Today I’m going to be exploring the idea of how you should play to your strengths when it comes to your USP, and how you make sure that, when you’re in startup stage, you’re doing the right thing in terms of your marketing.

If you haven’t already subscribed to my YouTube channel, please do. It will help me out loads and you get notified every time I release a new video.

So, the reason I want to talk about the USP today is this has come up with a few clients when they start talking about their USP (and for one in particular that I’m going to talk about). If you haven’t watched my video on What is a USP, I would recommend watching that first because I’m just going a little bit deeper in here.

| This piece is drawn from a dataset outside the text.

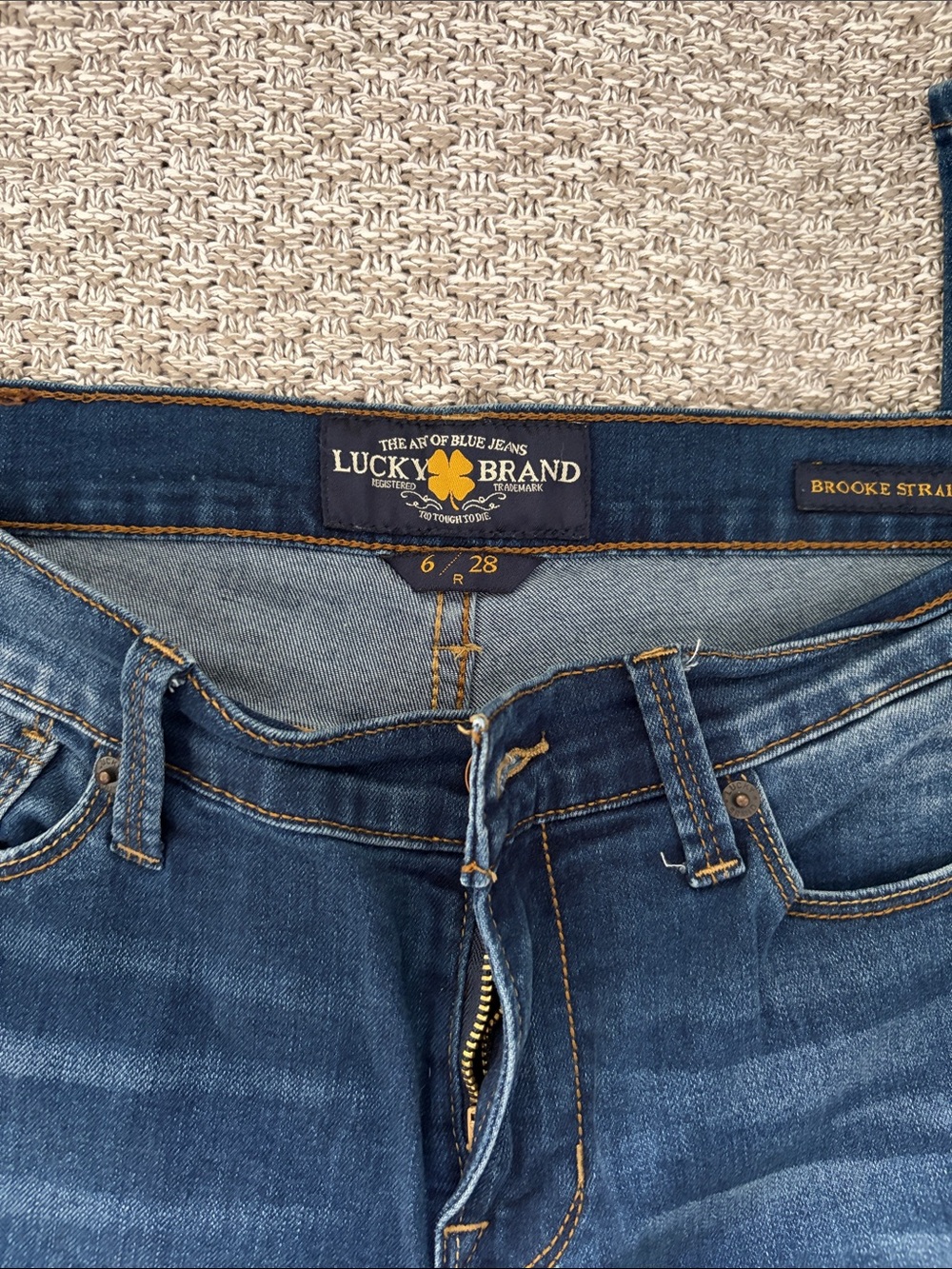 Lucky Brand Women’s Slim Straight Jeans - Dark Blue Denim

When identifying your USP becomes a bit tricky

Especially when you’re at startup stage and you’re still kind of trying to figure out what exactly is it that makes you unique, it can start getting a little tricky,

When you’re looking at your competitors and all them are kind of the same as you in most ways and you can’t really think of anything that you do dramatically better, it starts to feel hard to find a good USP.

Or maybe the thing that you think that you do better is not something the customer actually cares about, even though it does actually matter (they just don’t care about it that much).

That’s where your USP starts to become a little tricky because it’s when your USP just isn’t very unique (or doesn’t sell that well).

You are probably your USP

What I had to remind one of my clients was that, actually, they were the USP. This is so often the case with entrepreneurs in their own business. There’s a reason that they picked up their business and the reason is usually one of:

  • They are an expert at it
  • It is something that they’re passionate about
  • Their history means that they are so close to this subject that they are the best person to serve people within it.

A real world example of how the entrepreneur is the USP

The example that I’m thinking of, the most recent one, is that this person is importing designer homeware from artists in Mexico and trying to really uplift those artists and bring their art to a global stage.

They were starting to think that their USP is this visible supply chain. But the reality is that the target person – the person that they’re really after – is actually more like an interior designer. And the interior designer is going to see this art and recommend it to their clients.

The interior designers might care about the supply chain and that probably is important… it is a selling point. It probably even is a unique one. However, it’s not really the strongest unique selling point.

The strongest unique selling point is that she comes from a design background and she has gone to Mexico herself to find these artists and talked to them and communicates with them. She has taste, she has experience in design. So the interior designer has the safety that this entrepreneur knows what they’re doing and is able to find great homeware for them. She becomes the front and center selling point.

Obviously, all of the stuff about the supply chain is incredibly important because that is a big reason why she’s doing it – it’s the big passion behind it. But her own strengths are a more important part to the target person.

Also play to your strengths in marketing channel choices

On top of that, the other aspect of playing to your strengths, is then where she was like, “Okay so how do I get it out there now? I’m not very good with Instagram but I know that it’s a visual medium.”

And yes, the visual medium makes sense for her but she’s not actually really skilled with Instagram. She does, however, have experience in PR – she has contacts in PR. So that is the place to start.

So, just because a marketing channel is good for your market does not mean that that’s the place that you should definitely start. It’s probably a place that should be on your road map but you should start with the places that you’re good at, the strengths that you have.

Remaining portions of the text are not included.